Kasus Hasto dan Peran Mahasiswa: Menakar Konsistensi Penegakan Hukum oleh KPK
Toufik Bin Roi yasin
Mahasiswa Manajemen Bisnis Syariah STEBI Batam
Kasus hukum yang melibatkan Hasto Kristiyanto, Sekretaris Jenderal PDI Perjuangan, menjadi sorotan tajam dalam dinamika politik dan hukum di Indonesia. Hasto dituduh terlibat dalam persekongkolan untuk menyuap sejumlah pejabat Kementerian Dalam Negeri untuk memenangkan calon kepala daerah yang didukung partainya dalam Pilkada 2020. Kasus ini, yang melibatkan partai besar, tentunya bukan hanya mengguncang dunia politik tetapi juga menguji konsistensi penegakan hukum oleh Komisi Pemberantasan Korupsi (KPK). Kasus ini juga mengundang pertanyaan penting mengenai peran mahasiswa dalam mendorong pemberantasan korupsi dan pengawasan terhadap proses penegakan hukum. Adanya perubahan besar dalam struktur kelembagaan KPK, dari yang sebelumnya independen menjadi bagian dari eksekutif, turut menambah kompleksitas persoalan ini.
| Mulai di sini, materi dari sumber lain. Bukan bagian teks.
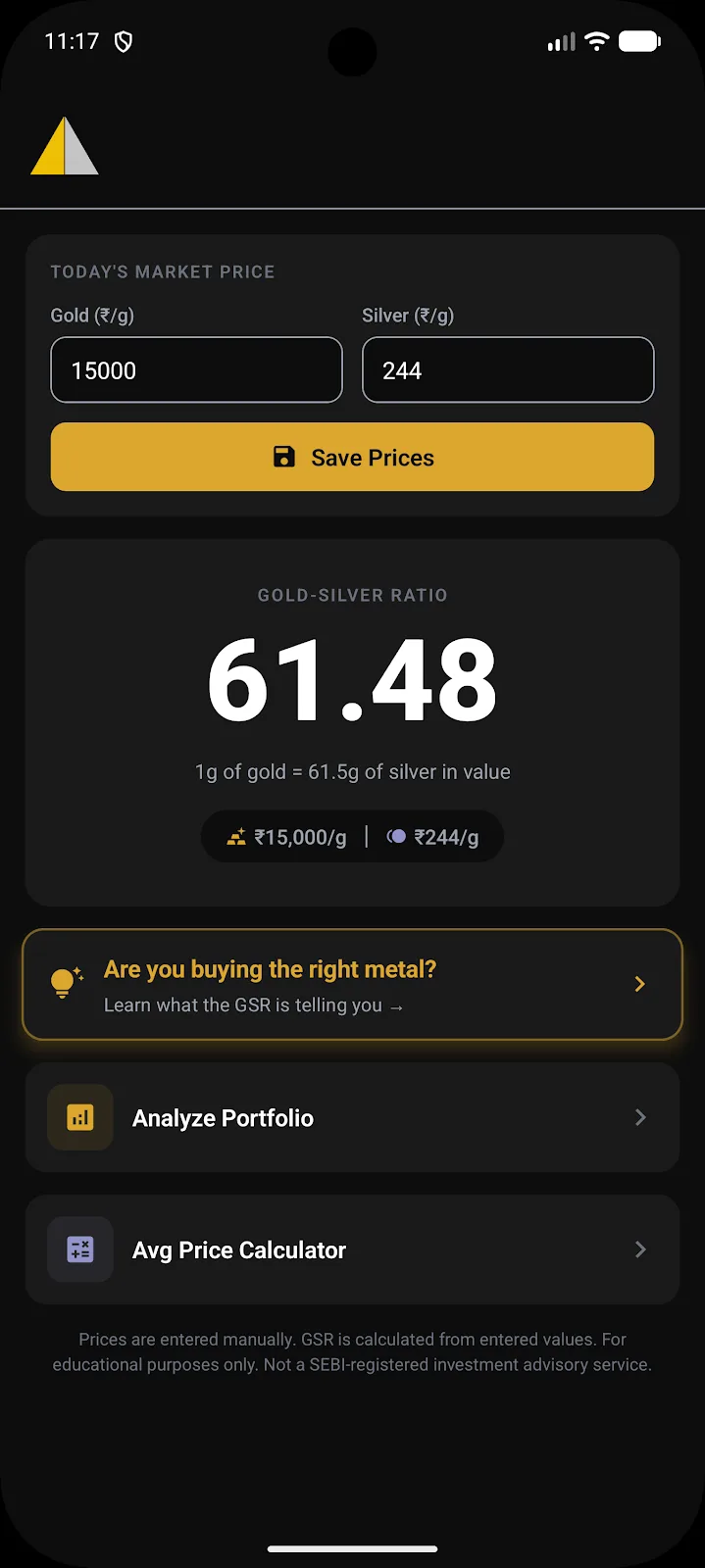 GSR Calculator home screen showing a Gold–Silver Ratio of 61.48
Pada dasarnya, kasus Hasto merupakan gambaran kecil dari masalah besar korupsi yang masih merajalela di Indonesia. Korupsi telah merusak berbagai sektor kehidupan masyarakat dan menggerogoti kepercayaan publik terhadap lembaga negara, termasuk KPK. Penegakan hukum yang dilakukan oleh KPK terhadap para pelaku korupsi seringkali dipandang oleh publik sebagai suatu hal yang tidak konsisten, terutama jika melihat adanya intervensi politik atau lemahnya komitmen para aparat penegak hukum itu sendiri. Sebagai lembaga yang bertugas memberantas korupsi, KPK seharusnya menjadi lembaga yang independen dan profesional, tetapi dengan adanya perubahan Undang-Undang KPK yang mengatur agar lembaga ini berada dalam kendali eksekutif, independensinya sering dipertanyakan.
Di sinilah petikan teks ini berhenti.